Mahasiswa sebuah status yang bagi saya mengingatkan bagaimana jerih payah orang tua, banting tulang membiayai kuliah anaknya guna menjadi sarjana dengan harapan bisa membawa masa depan dirinya dan keluarganya menjadi lebih baik. Tak jarang kadang harta tanah dan emas milik Sang Ibu ikut berubah menjadi Rupiah untuk dikirim ke rekening agar bisa bayar SPP yang kadang sering juga habis buat beli rokok dan kopi pancung.
Kembali ke aula FDK tadi. Seorang kawan saya yang saya kenal sejak 4 tahun silam, sedang berjuang mempertanggung jawabkan tugas akhirnya dihadapan para dosen penguji yang terus menikam dirinya dengan pertanyaaan-pertanyaan, yang terkadang terdengar lebih cocok disebut ledekan bagi si penjawab.

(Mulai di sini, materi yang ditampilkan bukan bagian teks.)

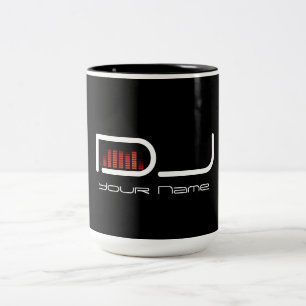 Caneca De Café Em Dois Tons O DJ legal agride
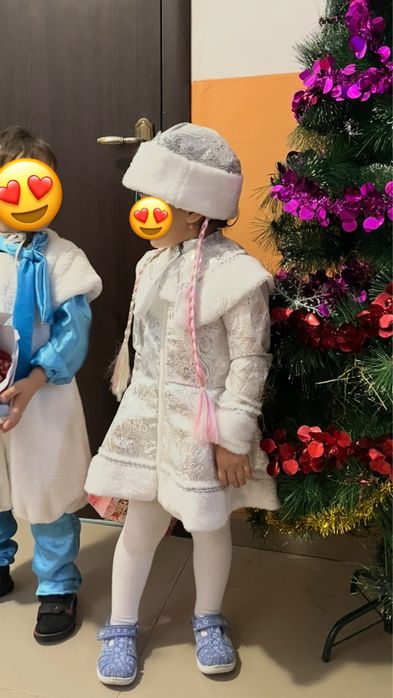 Детский костюм Снегурочки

Skripsi ini sungguh luar biasa bahasanya dan hasil datanya cukup mengejutkan, tapi apa benar anda mengerjakannya sendiri?, tanya si penguji.

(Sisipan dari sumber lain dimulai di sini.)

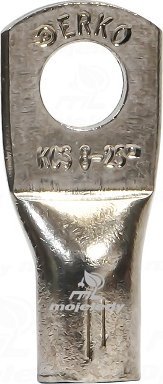 Erko Końcówka oczkowa rurowa KCS CU 25mm M8 1szt ERKO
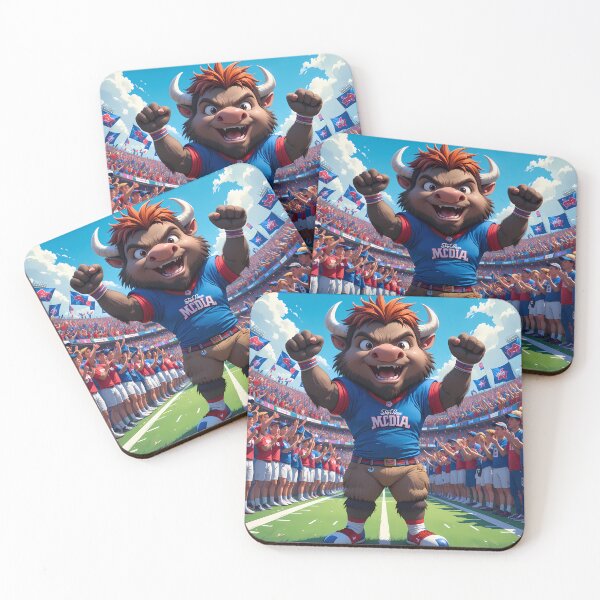 Item preview, City Buffalo Bills Displaying Pride Athleticism Art Field designed and sold by ART ATTACK ZONE.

Dengan penuh rasa percaya diri, kawan saya menjawab; Saya mengerjakan ini dibantu oleh dua orang yang bertindak sebagai dosen pembimbing saya. Jawaban itu langsung disanggah oleh Dosen yang duduk tepat didepannya, sepertinya beliau lah yang dimaksud dalam jawaban tadi. Bukan itu yang dimaksud, orang lain siapa?, sanggah si dosen. Owh orang lain yang saya minta bantuan adalah kawan-kawan saya, terutama ketika menggunakan aplikasi SPSS. Karena semasa kuliah saya tidak pernah diajarkan bagaimana untuk menggunakan aplikasi itu. Hanya perkenalan singkat saja sebatas menampilkan di slide. Ini loh gambarnya aplikasi SPSS, udah itu aja. Jawaban itu disambut senyum tipis dan anggukan ringan dari para dosen penguji. Sungguh sebuah jawaban umpan balik bagi si dosen, yang notabene bertanggung jawab atas pengajaran bagi mahasiswanya. Bereeh!

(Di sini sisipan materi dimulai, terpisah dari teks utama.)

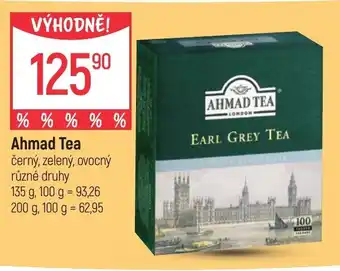 Globus Ahmad Tea nabídka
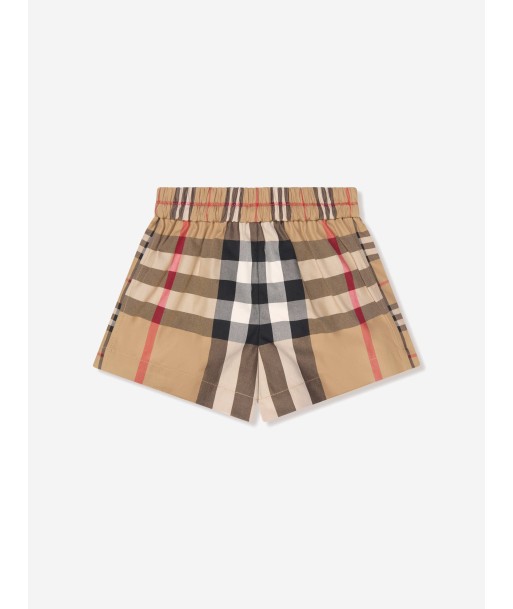 Burberry Baby Girls Check Mini Carmela Shorts In Beige vous aussi creer 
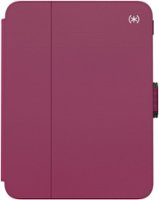 Speck - Balance Folio Case with Microban for iPad Mini 6 - Verry Berry Red / Slate Grey - Alt_View_Zoom_11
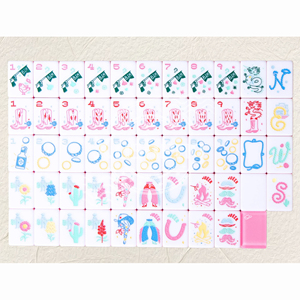 <span class=keywords><strong>Miss</strong></span> Denim 160 Sets - Fichas de Mahjong Blancas de Lujo, Modernas, Plegables, Hechas a Mano, Portátiles, de Acrílico, para Fiestas y Entretenimiento - Product Image 1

1 kali ketukan pulpen dosen penguji menandakan sidang diskor selama dua menit. Semua yang hadir di aula keluar, termasuk kawan saya yang sekarang akan saya sebut namanya; Munzir yang juga seorang PNS (Pegawai Nanggroe Steemit) dengan akun
Raut gelisah bercampur pasrah masih belum luntur dari wajah Munzir. Sampai akhirnya salah satu dosen berdiri, dan menyuruh Munzir juga ikut berdiri.
Sambil membetulkan kupiah hitamnya, Munzir semakin pucat pasi seperti tak nyaman dengan kostum hitam putih + stelan dasi hitam yang seumur hidupnya tak pernah ia kenakan, kecuali semasa SD nya dulu. Itupun warna merah yang hanya cukup dikalungkan dengan karet putih, sudah cukup lengket dibawah dagu yang masa itu belum ada janggut sehelai pun yang tumbuh.
Sang Dosen masih berdiri sambil memegang beberapa lembar kertas dalam map yang terkesan hanya bahan pegangan formalitas saja. Sambil mengumumkan;
Bismillahirahmannirrahhim, saya selaku Sekretaris Dewan penguji, hari ini tepatnya Selasa, 23 Januari 2018, pukul 10 lebih 58 menit. Dengan ini mengumumkan hasil sidang Skripsi saudara Munzir dengan NIM: 411106182, yang judulnya PEMANFAATAN SUMBER BACAAN SEBAGAI REFERENSI DALAM PENYELESAIAN TUGAS MAKALAH (Studi Terhadap Mahasiswa Fakultas Dakwah dan Komunikasi UIN Ar-Raniry) dinyatakan LULUS dengan nilai A.
Akhir kata melalui postingan ini saya ucapkan Seulamat Munzir Welcome to The Jungle (Reality)
Lampiran foto lembaran Kesimpulan Skripsi ;
Kata Pelacur yang saya sematkan di judul postingan ini. Saya kutip berdasarkan komentar salah seorang dosen penguji tadi yang begini katanya; Saya sangat mengapresiasi penelitian ini. Karena akhirnya bisa mengungkap data secara ilmiah tentang perilaku plagiat mahasiswa di kampus ini, yang tidak jauh beda dengan kegiatan Pelacuran.